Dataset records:
::::
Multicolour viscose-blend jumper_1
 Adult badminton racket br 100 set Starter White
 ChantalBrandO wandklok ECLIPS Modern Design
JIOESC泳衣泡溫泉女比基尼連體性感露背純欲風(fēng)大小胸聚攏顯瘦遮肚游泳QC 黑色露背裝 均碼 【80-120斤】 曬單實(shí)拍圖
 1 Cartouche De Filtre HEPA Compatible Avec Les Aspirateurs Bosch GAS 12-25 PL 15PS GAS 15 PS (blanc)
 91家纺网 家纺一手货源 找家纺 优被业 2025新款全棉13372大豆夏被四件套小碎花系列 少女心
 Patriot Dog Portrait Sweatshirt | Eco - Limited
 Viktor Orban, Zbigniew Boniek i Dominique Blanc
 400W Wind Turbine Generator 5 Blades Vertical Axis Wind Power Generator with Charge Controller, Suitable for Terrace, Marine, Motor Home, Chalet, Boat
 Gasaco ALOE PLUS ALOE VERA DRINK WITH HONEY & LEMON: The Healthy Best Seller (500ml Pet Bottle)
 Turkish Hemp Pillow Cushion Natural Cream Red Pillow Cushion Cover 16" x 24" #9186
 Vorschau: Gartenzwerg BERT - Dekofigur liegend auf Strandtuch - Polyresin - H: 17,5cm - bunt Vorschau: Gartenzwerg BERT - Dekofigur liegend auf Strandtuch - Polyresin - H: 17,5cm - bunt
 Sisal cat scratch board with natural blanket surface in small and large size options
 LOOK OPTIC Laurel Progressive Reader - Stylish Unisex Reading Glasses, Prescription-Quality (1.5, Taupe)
::::
> AIM OF THE EXERCISE: Could you give every entry again, exactly as written?

> RESPONSE AREA:
Multicolour viscose-blend jumper_1
 Adult badminton racket br 100 set Starter White
 ChantalBrandO wandklok ECLIPS Modern Design
JIOESC泳衣泡溫泉女比基尼連體性感露背純欲風(fēng)大小胸聚攏顯瘦遮肚游泳QC 黑色露背裝 均碼 【80-120斤】 曬單實(shí)拍圖
 1 Cartouche De Filtre HEPA Compatible Avec Les Aspirateurs Bosch GAS 12-25 PL 15PS GAS 15 PS (blanc)
 91家纺网 家纺一手货源 找家纺 优被业 2025新款全棉13372大豆夏被四件套小碎花系列 少女心
 Patriot Dog Portrait Sweatshirt | Eco - Limited
 Viktor Orban, Zbigniew Boniek i Dominique Blanc
 400W Wind Turbine Generator 5 Blades Vertical Axis Wind Power Generator with Charge Controller, Suitable for Terrace, Marine, Motor Home, Chalet, Boat
 Gasaco ALOE PLUS ALOE VERA DRINK WITH HONEY & LEMON: The Healthy Best Seller (500ml Pet Bottle)
 Turkish Hemp Pillow Cushion Natural Cream Red Pillow Cushion Cover 16" x 24" #9186
 Vorschau: Gartenzwerg BERT - Dekofigur liegend auf Strandtuch - Polyresin - H: 17,5cm - bunt Vorschau: Gartenzwerg BERT - Dekofigur liegend auf Strandtuch - Polyresin - H: 17,5cm - bunt
 Sisal cat scratch board with natural blanket surface in small and large size options
 LOOK OPTIC Laurel Progressive Reader - Stylish Unisex Reading Glasses, Prescription-Quality (1.5, Taupe)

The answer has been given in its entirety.